Does it increase cognitive load, or is it just making the cognitive load more apparent. Sure it's easier to write multithreaded code if you assume race conditions can't happen, but that's not actually accurate to what would happen.

Perhaps FP just makes explicit in the typing/coding portion, what would otherwise be uncovered hours/days/weeks later in a bug?

[eyelidlessness]

Also worth mentioning in terms of mixing functional/imperative techniques: it can be very helpful to use languages (and frameworks, libraries, interfaces) which are functional-first/-by default, not necessarily pure but which provide specific affordances for managing side effects. This can be seen in languages like Clojure (with reference types distinct from most of the rest of the language/stdlib). It’s also a hallmark of many projects with a reactive paradigm (which in some form or another have dedicated APIs for isolating state and/or effects).

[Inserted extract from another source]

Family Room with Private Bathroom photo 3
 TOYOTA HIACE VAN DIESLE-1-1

These aren’t strictly necessary for effectively using functional techniques in an imperative environment, but they can go a long way toward providing useful guardrails you don’t have to figure out yourself.

[kagakuninja]

I don't know exactly what you are trying model with this hypothetical circular dependency.

However, circular dependencies can be represented with lazy (aka non-strict) references and deferred function calls (aka thunks / call-by-name), and are IMO easier to reason about than mutable imperative techniques for representing such relationships. They also have the advantage of being totally thread-safe.

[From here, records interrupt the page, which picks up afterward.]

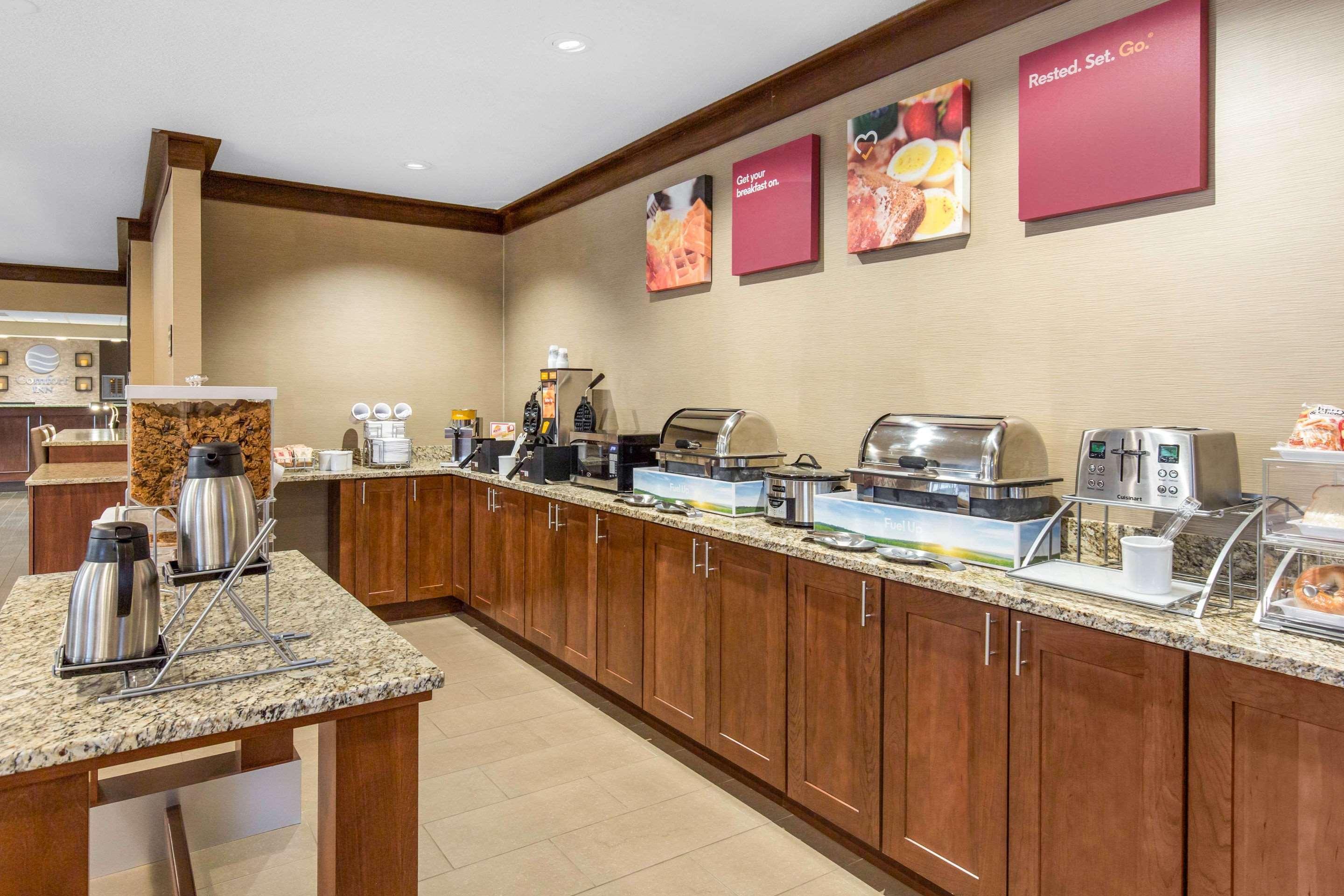 Comfort Inn La Porte Екстериор снимка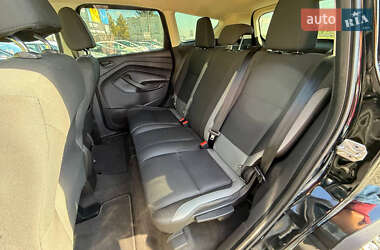 Внедорожник / Кроссовер Ford Escape 2016 в 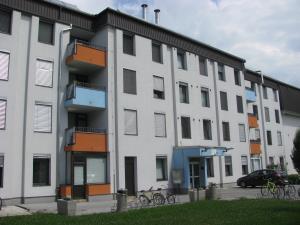Študentski dom 3 in 4 Študentski dom 3 in 4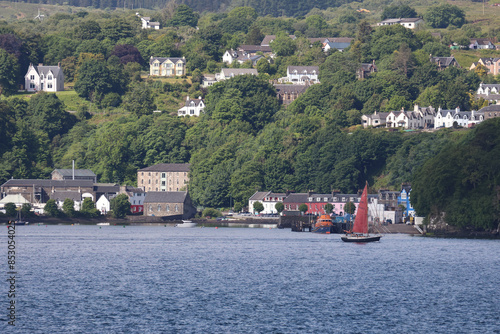 Tobermory auf Mull von der Seeseite, Schottland photo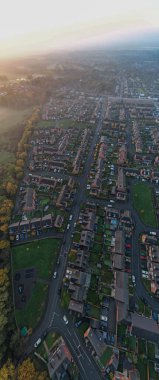 Dikey Panoramik Havacılık Konutları İngiliz İHA 'sı Yazın Mavi Gök Gayrimenkul Ajansı Sabah Gündoğumu Ev Fiyatları 2022
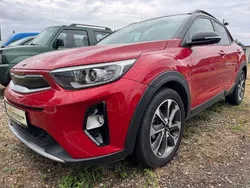 Rot Gebraucht 2017 Kia Stonic Vision SUV | 12.999 € (Guter Preis)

The OP (Lihaoyi) is the author of an important set of Scala libraries, and Scala is an example of what you are describing. Scala is a hybrid OO / FP language that is not dogmatic about purity. You can be totally imperative if you want.

It is common in the Scala ecosystem to implement performance-critical library code using local mutability and null references. Internally the function is imperative; to the caller, it is functionally pure.

[wredue]

It offers none of those things and provably doesn’t have more robust code.

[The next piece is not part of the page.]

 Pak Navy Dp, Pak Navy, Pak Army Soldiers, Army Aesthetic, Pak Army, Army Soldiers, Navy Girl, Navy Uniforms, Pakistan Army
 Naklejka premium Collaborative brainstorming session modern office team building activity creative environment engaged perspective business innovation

Maintainable code? I dunno. From what I’ve seen, FP is much worse for changing when you have shit deep in your call stack. I wouldn’t call that maintainable.

More readable? Nah. Nearly everyone has a much easier time consume code when they’re not constantly context switching between function jumps all over the place.

Additionally, FP only makes threading “easier” in one very specific circumstance. Once you need to parallelize the same workload, FP is generally much much harder to thread, whereas this is trivial in other languages.